Nicotine inhalers consist of a mouthpiece and a plastic, nicotine-containing cartridge. The inhaler addresses not only physical dependence but also the behavioral and sensory aspects of smoking (having a cigarette between ones fingers and inhaling from the cigarette). When the smoker inhales through the device, nicotine vapor (not smoke) is released, deposited primarily in the oropharynx, and absorbed through the oral mucosa. Nicotine vapor does not reach the lungs to an appreciable extent. The ad lib use of the nicotine inhaler produces plasma nicotine levels that are roughly one-third of those that occur with cigarette smoking. The pharmacokinetics of the inhaler resemble those of nicotine gum. Use 6 to 16 cartridges per day for the first 6 to 12 weeks and gradually reduce dose over the next 6 to 12 weeks
Nicotine nasal spray results in peak nicotine levels 10 minutes after nasal spray use, which is a more rapid rise in plasma nicotine concentration than that produced by agents absorbed via the oral mucosa (gum, inhaler, or lozenge) (6). Dose is 1 or 2 sprays per hour. Use for about three months. The maximum dose is 10 sprays per hour, not to exceed 80 total sprays per day
Nicotine mouth spray: 1 mg nicotine is delivered per spray; use 1 or 2 sprays when cravings occur, up to four sprays per hour.
Nicotine sublingual tablet: One 2 mg tablet to dissolve sublingually (typically over 30 minutes) everyone to two hours. Patients who are heavily nicotine-addicted can use two tablets sublingually (4 mg total) for each dose (7).
ENDS: Electronic nicotine delivery systems are a new entry in the market.
- Cunningham JA, Kushnir V, Selby P, et al. Effect of mailing nicotine patches on tobacco cessation among adult smokers: a randomized clinical trial. JAMA Intern Med. 2016;176(2):184-90.
- Hajek P, West R, Foulds J, et al. Randomized comparative trial of nicotine polacrilex, a transdermal patch, nasal spray, and an inhaler.

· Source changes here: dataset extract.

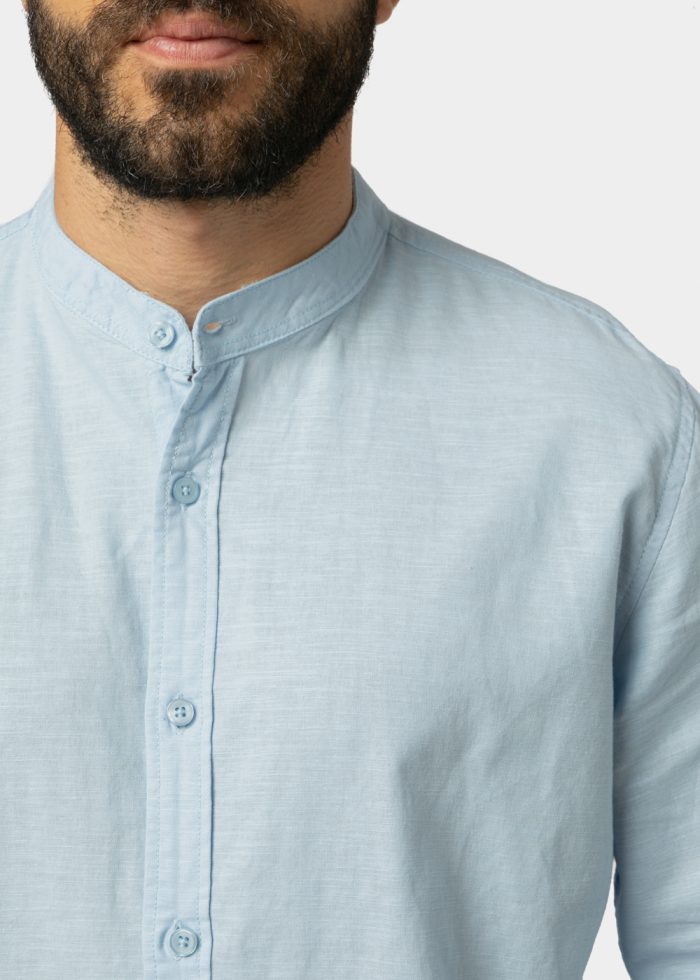 Linen - Cotton Light Blue Mao Shirt - Image 3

Arch Intern Med. 1999;159(17):2033-8.
- Cahill K, Stevens S, Perera R, Lancaster T. Pharmacological interventions for smoking cessation: an overview and network meta-analysis. Cochrane Database Syst Rev. 2013 May 31;(5):CD009329.
- Rigotti NA. Clinical practice. Treatment of tobacco use and dependence. N Engl J Med. 2002;346(7):506-12.
- Hartmann-Boyce J, Aveyard P. Drugs for smoking cessation. BMJ. 2016;352:i571.
- Hughes JR, Goldstein MG, Hurt RD, et al. Recent advances in the pharmacotherapy of smoking. JAMA. 1999;281(1):72-6.
- Glover ED, Glover PN, Franzon M, et al. A comparison of a nicotine sublingual tablet and placebo for smoking cessation. Nicotine Tob Res. 2002;4(4):441-50.